The code sets out best practices on diversity. Principle J states that: ‘Board appointments and succession plans should be based on merit and objective criteria and, within this context, should promote diversity of gender, social and ethnic backgrounds, cognitive and personal strengths.’

The role of the nominations committee is expanded, with the annual report disclosing:

  • the process used in relation to appointments and succession planning and how both support developing a diverse pipeline
  • the policy on diversity and inclusion, its objectives and linkage to company strategy, how it has been implemented and progress on achieving the objectives
  • the gender balance of those in the senior management and their direct reports.
Compliance mindset

The limited response of directors reflects a compliance mindset. For example, diversity has many components, but the greatest disclosure in corporate reports is around gender, followed by ethnicity – the two areas where targets have been set. Only a small number of companies disclose characteristics such as sexual orientation.

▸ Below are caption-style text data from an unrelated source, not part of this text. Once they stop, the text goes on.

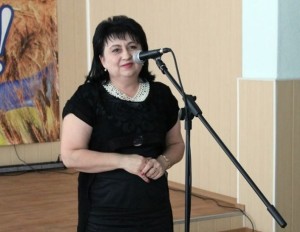 Лариса Бабакова стала чиновницею мерії і почала вигравати великі тендери на харчування школярів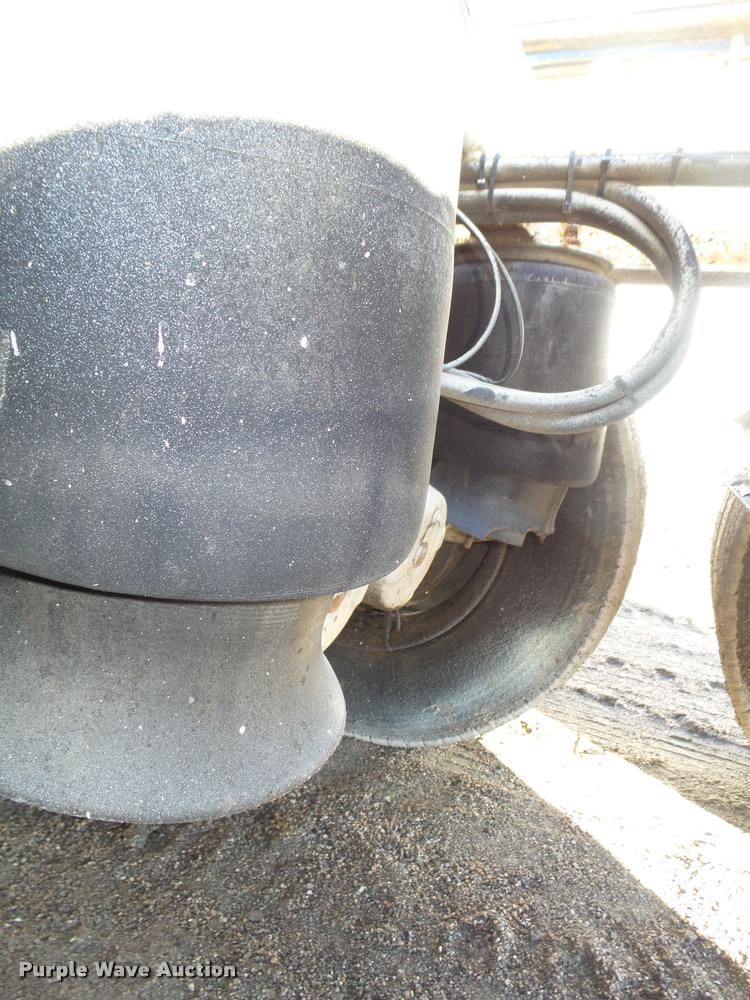 image for item DA0519 2013 Dakota 4300BDT bottom dump trailer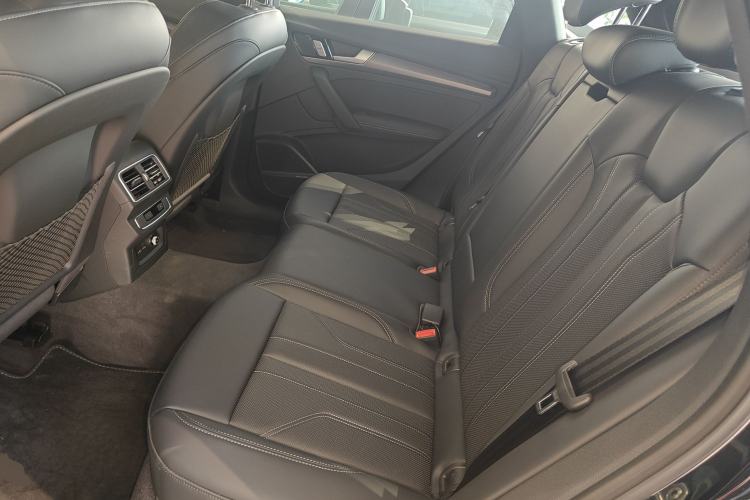 Used Audi Q5L 2025 quattro 45th Anniversary Edition 45 TFSI Luxury Dynamic Model Left Rear Seat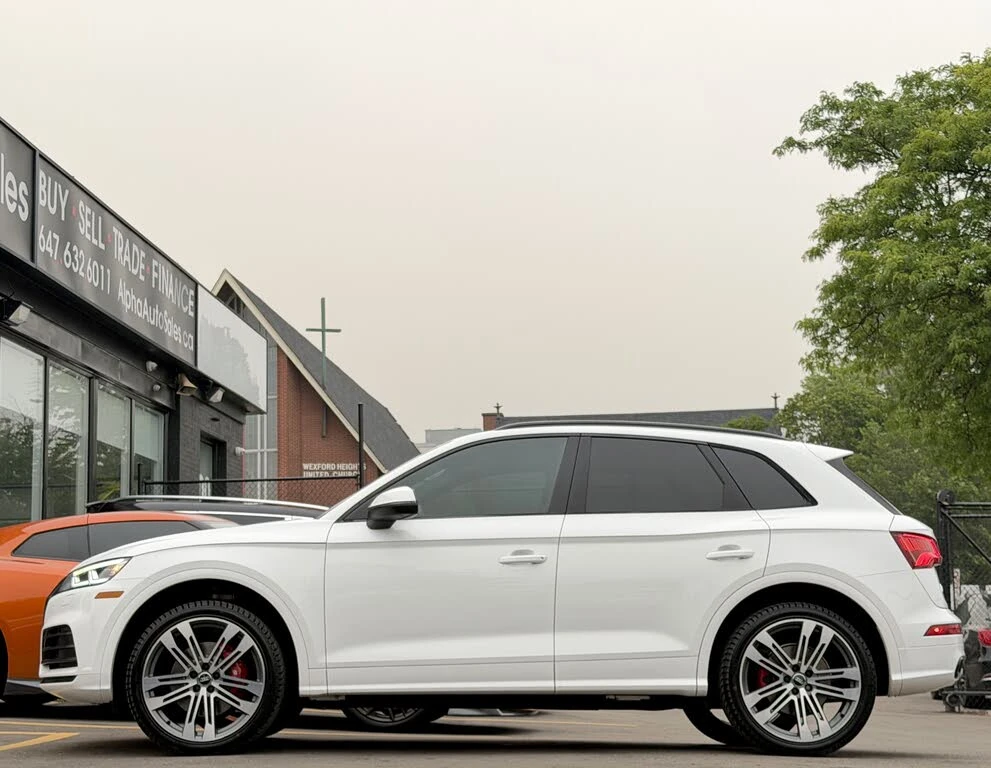 Audi SQ5 * TECHNIK* QUATTRO* TFSI* B&O* HUD* 360* DIS* , снимка 8 - Автомобили и джипове - 55899739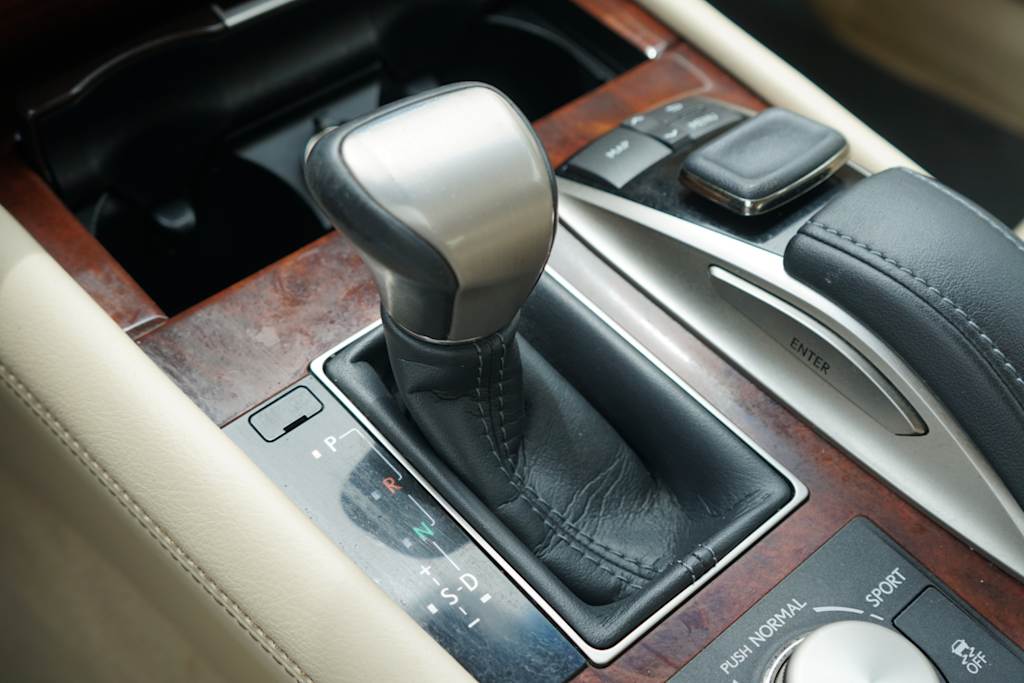Thumbnail: 2017 Lexus LS - 12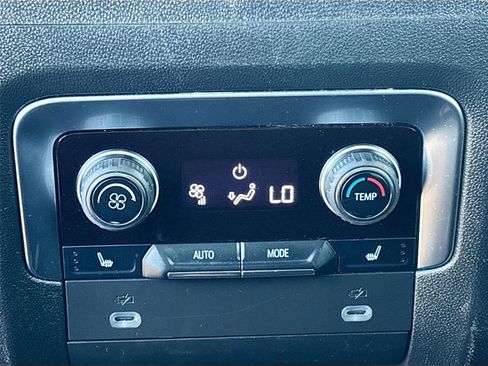 Used 2023 Chevrolet Suburban Premier image 28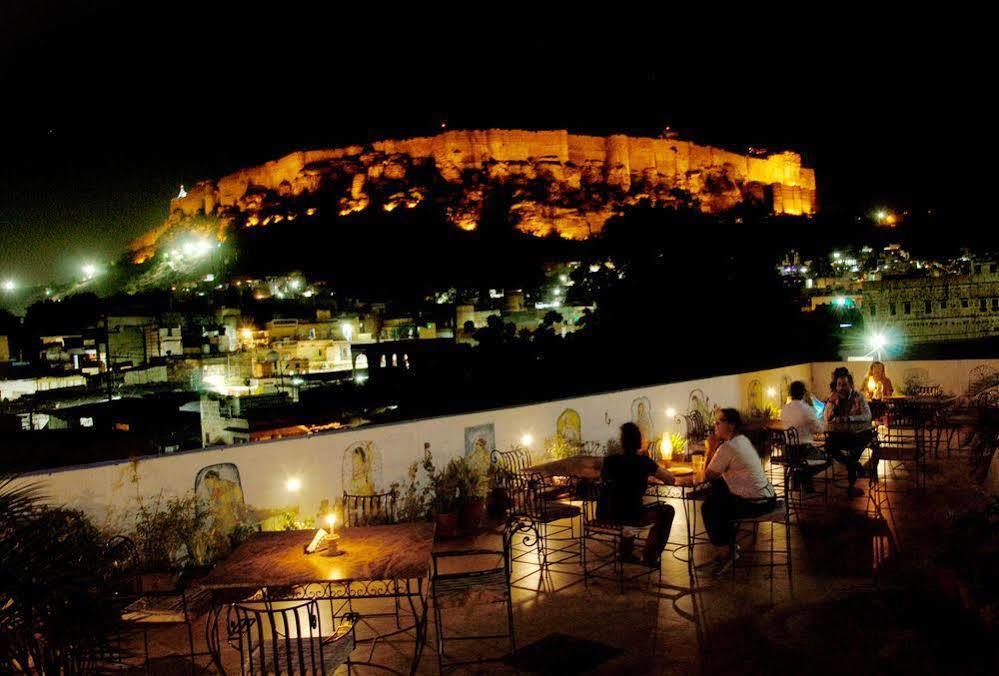 Nirvana Hotel 3*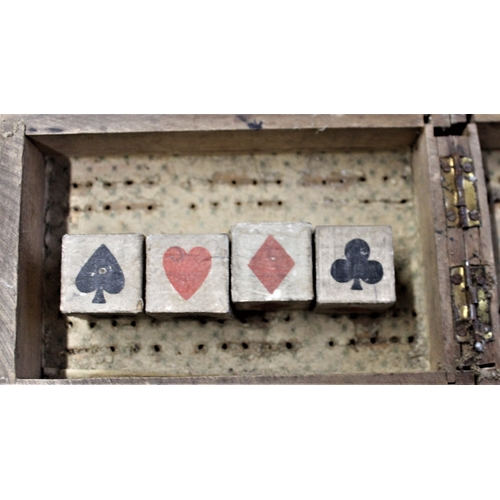 123 - Vintage - Cribbage Boards (2) boards (1) vintage containing (4) dice (poor condition), (1) straight ... 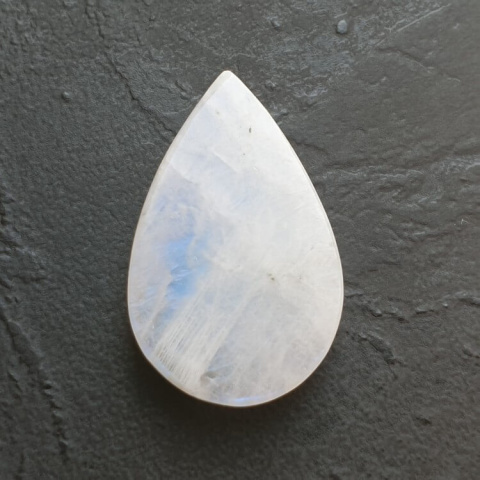 Moonstone cabochon 29x18 mm no A396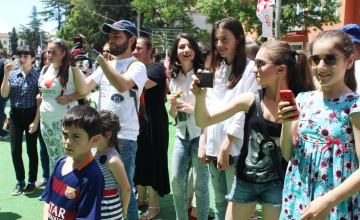 დამოუკიდებლობის აღდგენიდან 26-ე წლის აღნიშვნა ზუგდიდში (ვიდეო)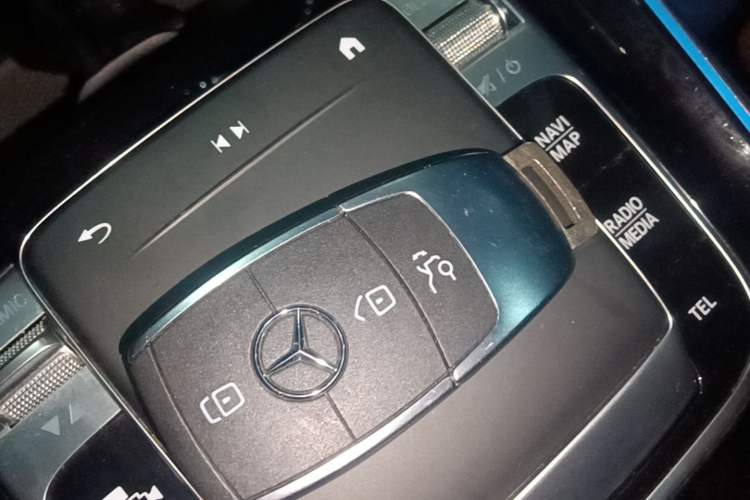 Used Mercedes-Benz GLB 2020 GLB 200 Stylish Edition Vehicle Key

The FRC is critical of the reporting of diversity targets. Only 26% of companies disclose targets for both the board and executive pipeline. Few have board targets beyond gender (many are solely in line with the Hampton-Alexander Review), while those that have ethnicity targets are focused primarily on the Parker Review. These are minimum targets, but most boards are not looking to go beyond them.

A step-change is required. Rather than thinking of diversity as a standalone issue, directors should consider inclusion as the key enabling factor. Creating inclusive environments where employees are treated with respect and have equal access to opportunities and resources leads to greater diversity at the top.

This should have a positive effect on business performance; different backgrounds and perspectives in the boardroom promote cognitive diversity, which is likely to offer rigorous debate, reduce group-think and enable better decision-making.

Directors need to act quickly or risk alienating key stakeholders:

  • Shareholders are increasingly taking notice. In October 2020, Legal and General warned investee companies that it will vote against those still with all-white boards by 2022.
  • Employees are becoming frustrated at the slow progress. I observe this often – from discussions with young digital executives possessing valuable skills but little likelihood of a board appointment, to women in governance workshops now calling for the UK to introduce legislative gender quotas, despite concerns about tokenism.
  • Customers are alerted to unfairness through the reporting of pay gaps, increasing reputational risk. Examples are the BBC pay gap for women journalists and, more recently, Lloyds Bank, where its voluntary ethnicity pay gap report showed that black staff are paid 20% less than colleagues because they ‘are disproportionately under-represented at senior levels’.

Increasing boardroom diversity is not easy. However, organisations looking to improve relationships with stakeholders, attract talented young people and develop their boards as high-performing teams need to respond. Better succession planning, broader recruiting from diverse talent pools and careful mentoring of newly appointed directors will all be required.